#### Data listing

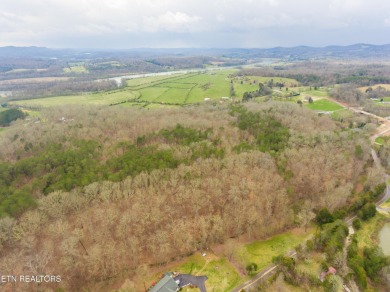 80 acres with possibilities galore! Beautiful building sites on River Islands Golf Club in Tennessee - for sale on GolfHomes.com, golf home, golf lot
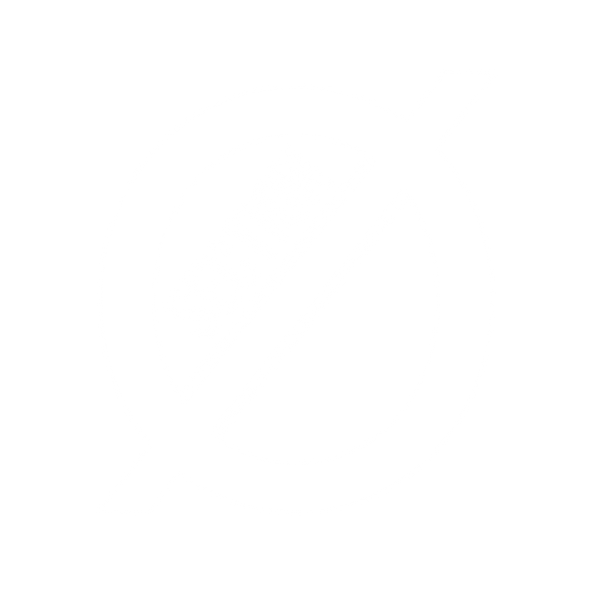 Section Zero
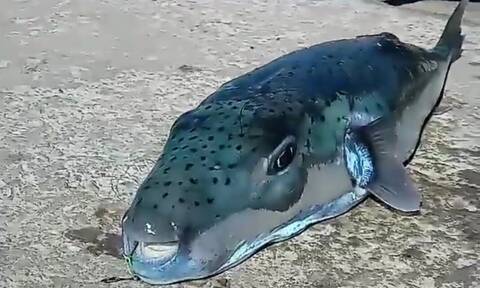 Κάλυμνος: Λαγοκέφαλος «τέρας» ψαρεύτηκε στο λιμάνι του νησιού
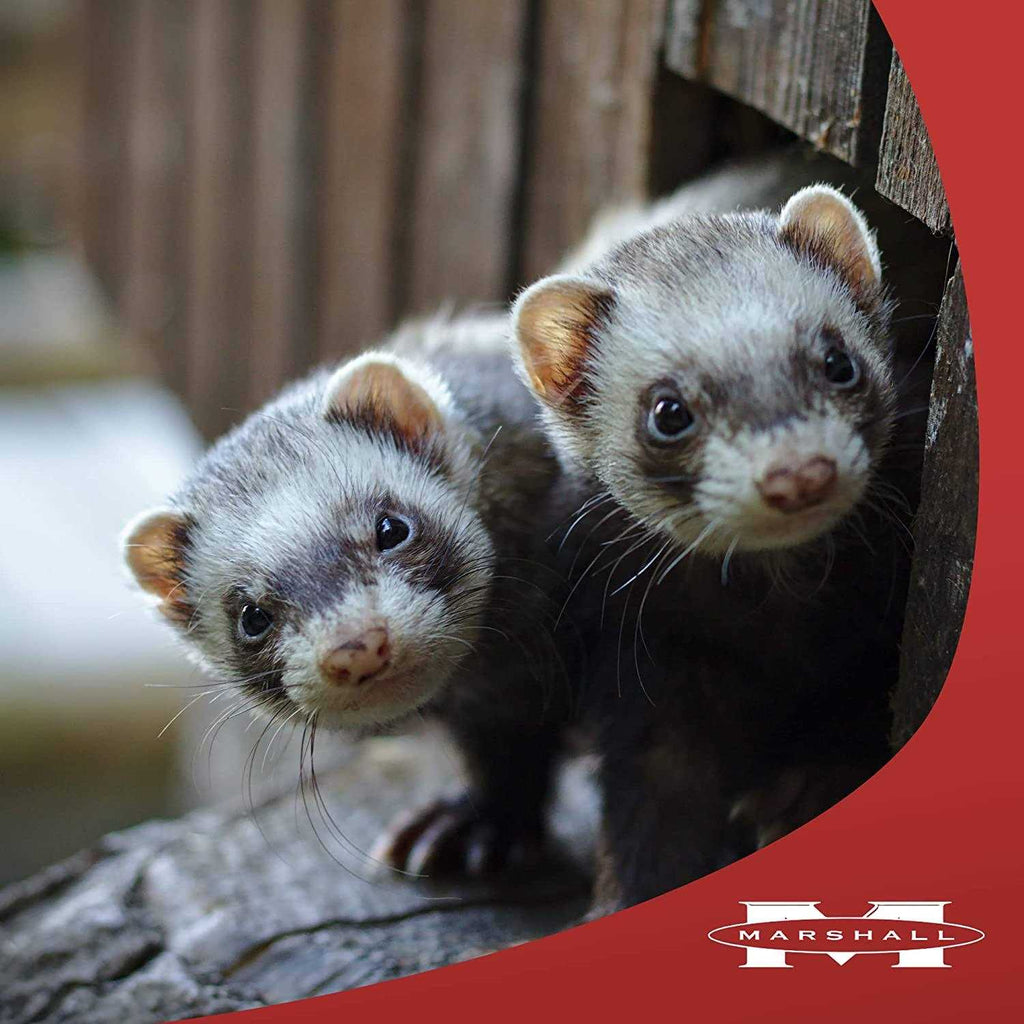Premium Ferret Treats S136669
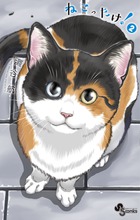 ねこったけ！ ２
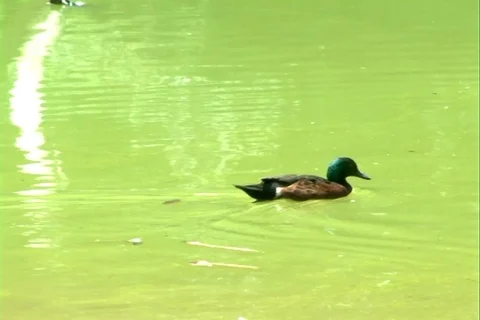 Ducks wild Stock Footage 107068135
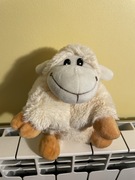 Owieczka przytulanka poduszka pamiątka z Bukowiny Tatrzańskiej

########

◆ **Required action**
Your answer must be the records exactly as they stand, with no pictures in it.

◆ **Written response**
 80 acres with possibilities galore! Beautiful building sites on River Islands Golf Club in Tennessee - for sale on GolfHomes.com, golf home, golf lot
 Section Zero
 Κάλυμνος: Λαγοκέφαλος «τέρας» ψαρεύτηκε στο λιμάνι του νησιού
Premium Ferret Treats S136669
 ねこったけ！ ２
 Ducks wild Stock Footage 107068135
 Owieczka przytulanka poduszka pamiątka z Bukowiny Tatrzańskiej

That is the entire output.